A Discipler's Guide to Spiritual Conversations (6/7): Teach

In Matthew 28:20 Jesus said, “Teach them to observe all I commanded.” At first when we read the Great Commission in Matthew 28:16-20 this can seem like an impossible task. At least for me it did. I used to think the “teaching them to obey” part in verse 20 meant my job was to somehow communicate all the commands of Jesus to the one I was discipling. I had the typical Western mindset, one that believes giving the right amount of knowledge and facts about God means we have fulfilled our calling to make disciples.

I guess you could say I found a new freedom upon learning the Great Commission calls me to obedience. It is not so much that I am tasked with teaching commands, but rather that I am to model, teach, and equip obedience, which can be accomplished in a relatively short amount of time.

Let’s look at how Jesus went about this work.  

We see that Jesus taught his disciples to obey. He did not go around teaching them to beef up their knowledge as if more knowledge was their need or His aim. Jesus also taught by repetition, so it makes sense that we do not see an ongoing list of new commands, but a continuous cycle of obedience.
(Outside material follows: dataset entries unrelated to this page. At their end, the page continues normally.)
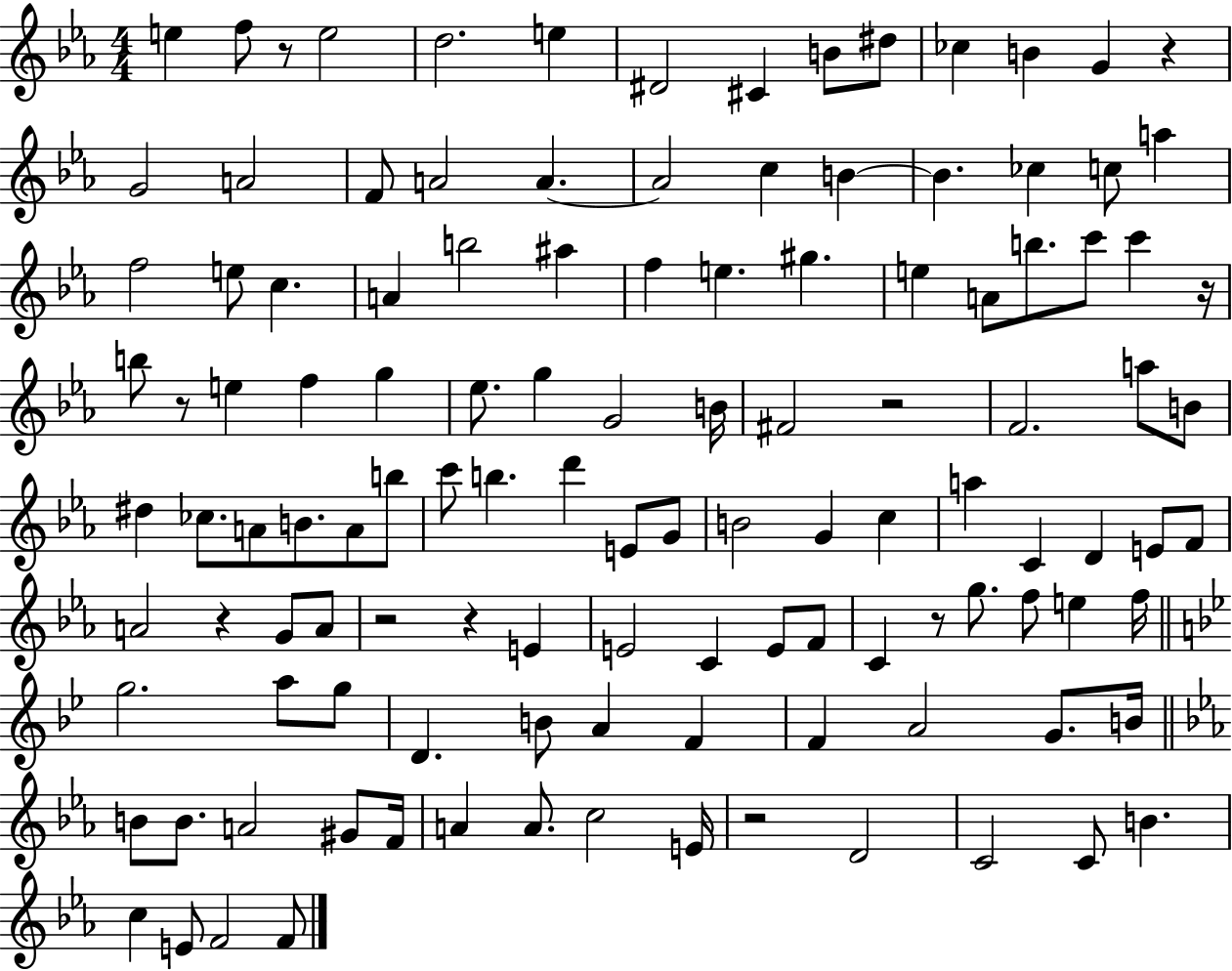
{
  \clef treble
  \numericTimeSignature
  \time 4/4
  \key ees \major
  e''4 f''8 r8 e''2 | d''2. e''4 | dis'2 cis'4 b'8 dis''8 | ces''4 b'4 g'4 r4 | \break g'2 a'2 | f'8 a'2 a'4.~~ | a'2 c''4 b'4~~ | b'4. ces''4 c''8 a''4 | \break f''2 e''8 c''4. | a'4 b''2 ais''4 | f''4 e''4. gis''4. | e''4 a'8 b''8. c'''8 c'''4 r16 | \break b''8 r8 e''4 f''4 g''4 | ees''8. g''4 g'2 b'16 | fis'2 r2 | f'2. a''8 b'8 | \break dis''4 ces''8. a'8 b'8. a'8 b''8 | c'''8 b''4. d'''4 e'8 g'8 | b'2 g'4 c''4 | a''4 c'4 d'4 e'8 f'8 | \break a'2 r4 g'8 a'8 | r2 r4 e'4 | e'2 c'4 e'8 f'8 | c'4 r8 g''8. f''8 e''4 f''16 | \break \bar "||" \break \key bes \major g''2. a''8 g''8 | d'4. b'8 a'4 f'4 | f'4 a'2 g'8. b'16 | \bar "||" \break \key ees \major b'8 b'8. a'2 gis'8 f'16 | a'4 a'8. c''2 e'16 | r2 d'2 | c'2 c'8 b'4. | \break c''4 e'8 f'2 f'8 | \bar "|."
}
We see Jesus take advantage of opportunities in everyday life to use them as assignments for teaching. He teaches his followers through crossing the stormy lake, at the feeding of the 5,000, sending them out on mission, watching and praying with Him, casting out demons, etc. Jesus models a life of discipleship through teaching His followers along the way.

Robert Coleman in his book The Master Plan of Evangelism points out Jesus was so much the Master in His teaching that he did not let his method obscure his lesson because He was his method. All the disciples had to teach them was a teacher who practiced with them what he expected them to learn.

This is why Jesus repetively repeated things over and over and taught through the use of parables. Jesus was never about getting a group of rule followers because He had that in the Pharisees and teachers of the law if He wanted it, but He wanted a group of sold out followers who were hungry to learn what it meant to walk with Him.

Previously, I served as a church planter in India amongst some of the unengaged, unreached people groups of the world. We heavily relied on the Great Commission as a process of raising new leaders up and equipping them to go → make disciples → baptize → teach obedience. Our focus with the leaders in India with new followers of Jesus was what we called “obedience based discipleship.”

Now that I am back in the U.S. I have been hesitant to use that language because of the potential negative connotation of legalism. Many in the Western Church have used obedience as a self-pursuit of virtuous living in which the virtue and formation of character is the goal rather than submission to being conformed from within by walking with Christ.

So “obedience based discipleship” has nothing to do with legalism. Instead, it has everything to do with teaching disciples to walk with Jesus. Obedience rightly defined is one abiding in Christ and walking with Him in order to be conformed into the likeness of Christ.

Have you ever considered the goal of discipleship? Most haven’t, but the goal of discipleship is to look more like Jesus. And how does one look more like Jesus? Through learning to walk with Jesus. This is the goal of discipleship. In the New Testament we see the apostle Paul regularly teach new believers to imitate his right belief and right practice (Phil. 3:17). Paul didn’t just focus on seeing people converted. He taught new believers how to live a life modeled on Jesus, one that is only possible through the power of the Holy Spirit working within.

Teaching a one to walk with Jesus ensures discipleship continues long after the teacher has left or moved on because the disciple is left with a habit of listening to the voice of Jesus. The call to make disciples is the call to multiplication, which includes obedience to Jesus. This is not about a list of do’s and don’ts, but about fulfilling the Great Commission that Jesus left with us.

Knowing this plays a key role in us shifting our discipleship efforts from teaching people what the Scriptures say to teaching them to walk with Jesus. It’s a process of meeting them where they are, looking to what God has declared, and teaching them to wait on the Spirit as they seek Jesus, watch for where He is at work, and to walk in the fruit of the Spirit bears in their midst.